-- Goal of the exercise --
The answer is a stretch of the material below, returned exactly: the line containing "Harve Benard Pear", the line containing "Jevnd Wooden Rat", and all lines between.

-- Data excerpts --
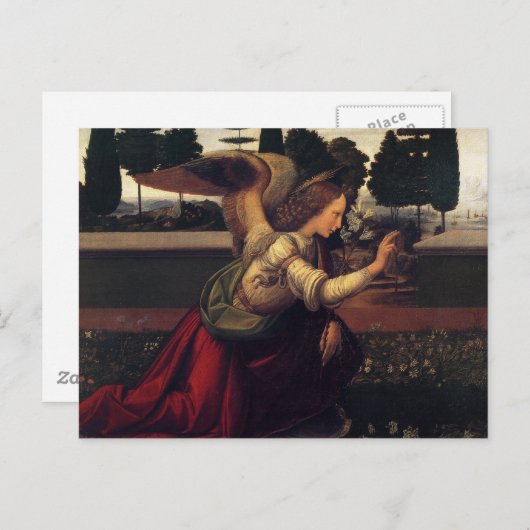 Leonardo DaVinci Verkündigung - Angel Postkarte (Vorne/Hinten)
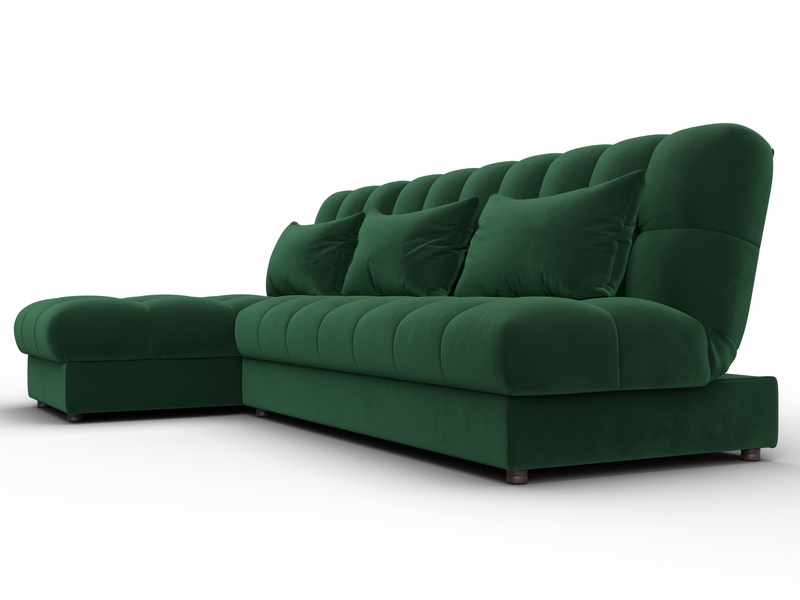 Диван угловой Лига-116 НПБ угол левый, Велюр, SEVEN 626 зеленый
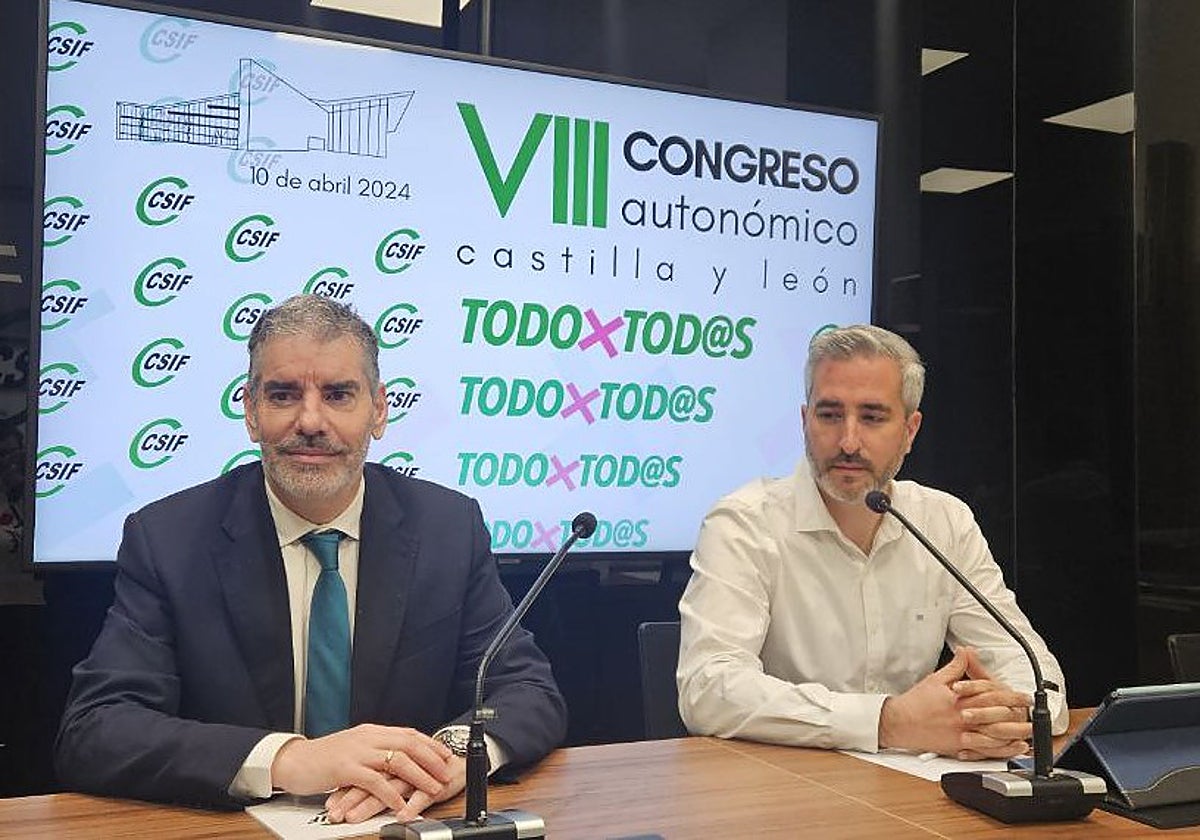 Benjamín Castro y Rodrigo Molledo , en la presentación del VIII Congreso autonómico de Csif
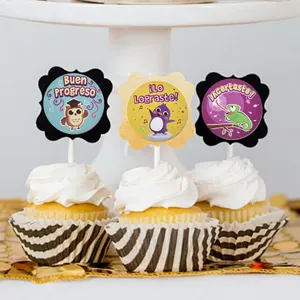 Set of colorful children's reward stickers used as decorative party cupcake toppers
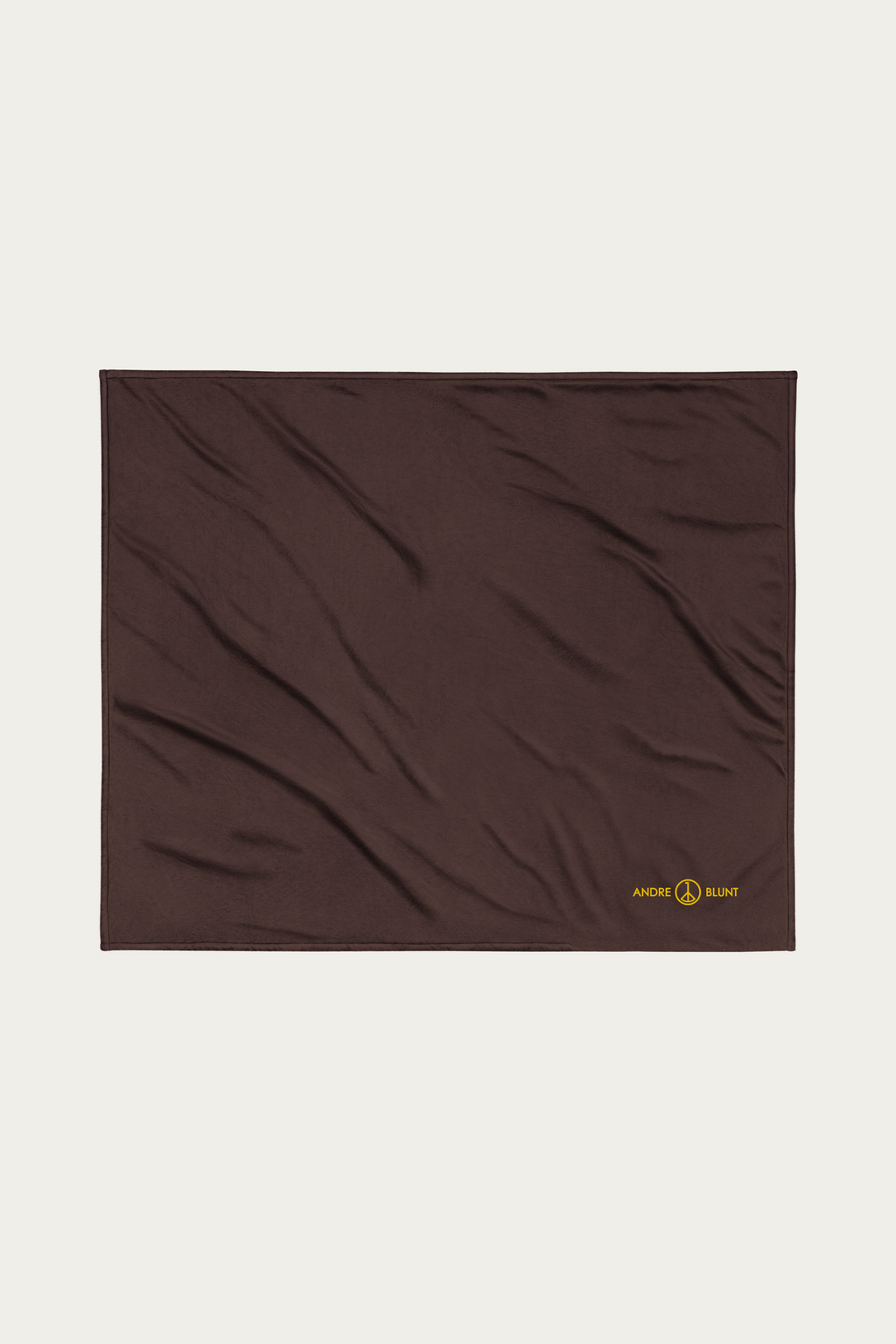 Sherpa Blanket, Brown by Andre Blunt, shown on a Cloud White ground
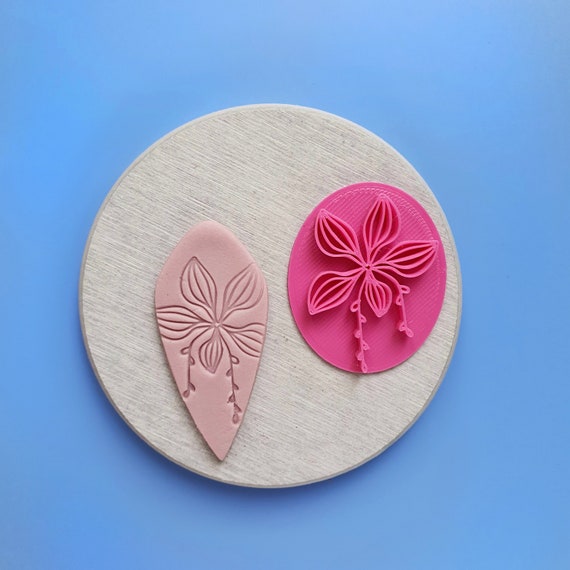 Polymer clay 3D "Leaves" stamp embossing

--

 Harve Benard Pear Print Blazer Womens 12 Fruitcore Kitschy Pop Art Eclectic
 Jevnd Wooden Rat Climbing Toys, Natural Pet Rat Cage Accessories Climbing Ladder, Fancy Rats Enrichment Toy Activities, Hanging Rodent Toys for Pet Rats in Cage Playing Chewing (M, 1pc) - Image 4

-- Result for this exercise --
 Harve Benard Pear Print Blazer Womens 12 Fruitcore Kitschy Pop Art Eclectic
 Jevnd Wooden Rat Climbing Toys, Natural Pet Rat Cage Accessories Climbing Ladder, Fancy Rats Enrichment Toy Activities, Hanging Rodent Toys for Pet Rats in Cage Playing Chewing (M, 1pc) - Image 4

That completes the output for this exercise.